### Instructions to follow
Identify all lines of the data containing the string "House" and copy them.

----------

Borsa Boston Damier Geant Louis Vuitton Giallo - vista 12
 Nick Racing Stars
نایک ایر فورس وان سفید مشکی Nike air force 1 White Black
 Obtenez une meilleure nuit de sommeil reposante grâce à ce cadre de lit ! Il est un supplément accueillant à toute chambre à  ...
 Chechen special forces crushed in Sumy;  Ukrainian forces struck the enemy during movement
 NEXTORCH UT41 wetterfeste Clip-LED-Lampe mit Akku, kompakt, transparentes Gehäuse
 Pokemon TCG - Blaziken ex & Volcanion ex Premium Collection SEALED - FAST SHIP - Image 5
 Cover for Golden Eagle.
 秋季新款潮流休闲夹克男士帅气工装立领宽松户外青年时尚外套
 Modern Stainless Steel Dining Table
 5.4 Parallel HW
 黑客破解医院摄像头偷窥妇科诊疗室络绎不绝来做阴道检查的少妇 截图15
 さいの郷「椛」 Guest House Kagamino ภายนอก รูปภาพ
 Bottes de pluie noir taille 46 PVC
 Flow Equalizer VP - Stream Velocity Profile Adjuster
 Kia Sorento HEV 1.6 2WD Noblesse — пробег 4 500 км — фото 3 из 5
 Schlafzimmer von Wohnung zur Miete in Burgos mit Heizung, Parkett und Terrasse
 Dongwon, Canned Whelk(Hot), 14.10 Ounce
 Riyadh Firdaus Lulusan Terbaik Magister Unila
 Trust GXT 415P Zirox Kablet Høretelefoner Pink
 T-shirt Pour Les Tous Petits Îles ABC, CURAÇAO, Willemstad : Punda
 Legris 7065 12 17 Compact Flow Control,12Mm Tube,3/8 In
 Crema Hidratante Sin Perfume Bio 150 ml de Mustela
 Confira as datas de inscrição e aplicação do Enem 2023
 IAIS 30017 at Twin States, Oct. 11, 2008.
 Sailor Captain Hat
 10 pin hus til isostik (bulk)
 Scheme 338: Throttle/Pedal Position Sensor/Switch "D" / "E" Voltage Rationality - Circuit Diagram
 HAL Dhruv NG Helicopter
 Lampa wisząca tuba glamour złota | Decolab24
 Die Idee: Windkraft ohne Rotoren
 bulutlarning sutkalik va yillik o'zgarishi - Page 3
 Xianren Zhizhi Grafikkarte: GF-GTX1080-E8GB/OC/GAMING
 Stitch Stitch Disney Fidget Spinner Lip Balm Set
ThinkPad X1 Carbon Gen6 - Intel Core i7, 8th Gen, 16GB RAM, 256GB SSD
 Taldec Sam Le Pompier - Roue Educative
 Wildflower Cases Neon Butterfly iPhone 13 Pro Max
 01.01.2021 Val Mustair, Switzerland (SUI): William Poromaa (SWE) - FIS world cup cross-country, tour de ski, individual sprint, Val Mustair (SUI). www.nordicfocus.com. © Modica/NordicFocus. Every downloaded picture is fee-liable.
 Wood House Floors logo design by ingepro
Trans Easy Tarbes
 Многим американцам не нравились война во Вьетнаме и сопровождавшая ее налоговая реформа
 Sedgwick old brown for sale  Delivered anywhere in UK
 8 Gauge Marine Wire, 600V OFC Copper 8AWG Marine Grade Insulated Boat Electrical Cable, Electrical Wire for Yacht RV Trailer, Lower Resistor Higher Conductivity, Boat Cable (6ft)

----------

### The completed task
 さいの郷「椛」 Guest House Kagamino ภายนอก รูปภาพ
 Wood House Floors logo design by ingepro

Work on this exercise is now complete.